Client Reconnect
Connection server failure — what the client experiences
When a connection server dies, the clients connected to it don't get a graceful notification. The TCP socket goes dead, and the client detects this through heartbeats and reconnects automatically.
The failure scenario¶
Connection server 7 goes down — hard crash, OOM kill, power cut, network partition. It gets no chance to notify anyone. 1 million users were connected to it.
From the client's perspective, the WebSocket connection goes silent.

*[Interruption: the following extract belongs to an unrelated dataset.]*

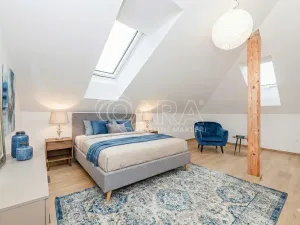 Prodej vícegeneračního domu, Chocerady, 245 m2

How the client detects the failure¶
WhatsApp clients send a heartbeat ping to the connection server every N seconds (typically 30-60 seconds on mobile to preserve battery). The connection server responds with a pong.
When server 7 dies:
Client → ping → server 7
Server 7: dead, no response
Client: no pong received within timeout
→ Client marks connection as dead
→ Client initiates reconnect
In many cases the TCP socket itself breaks immediately when the server process dies — the OS sends a TCP RST or FIN. The client's socket library detects this without waiting for a heartbeat timeout.
Server 7 process killed
→ OS sends TCP RST to all 1M connected clients
→ Client socket libraries detect broken connection immediately
→ All 1M clients begin reconnect simultaneously
The heartbeat is the fallback for silent failures — network partitions where the connection appears alive but packets are being dropped.
The reconnect flow¶
The client reconnects to the same entry point — the load balancer. It has no knowledge of individual connection servers.
Client detects dead connection
→ Client connects to load balancer (same URL as original connection)
→ LB health checks have detected server 7 is down (within seconds)
→ LB routes to any healthy server (e.g. server 3)
→ New WebSocket established on server 3
→ Auth token validated
→ Registry update queued: user:alice → server3
→ Alice is back online
The client doesn't need to know which server died or why. It just reconnects to the LB and gets routed to a healthy server automatically.
Interview framing
"Clients detect the dead connection via TCP RST or heartbeat timeout. They reconnect to the load balancer — which has already stopped routing to the dead server via health checks. The client is back online within seconds, no manual intervention needed."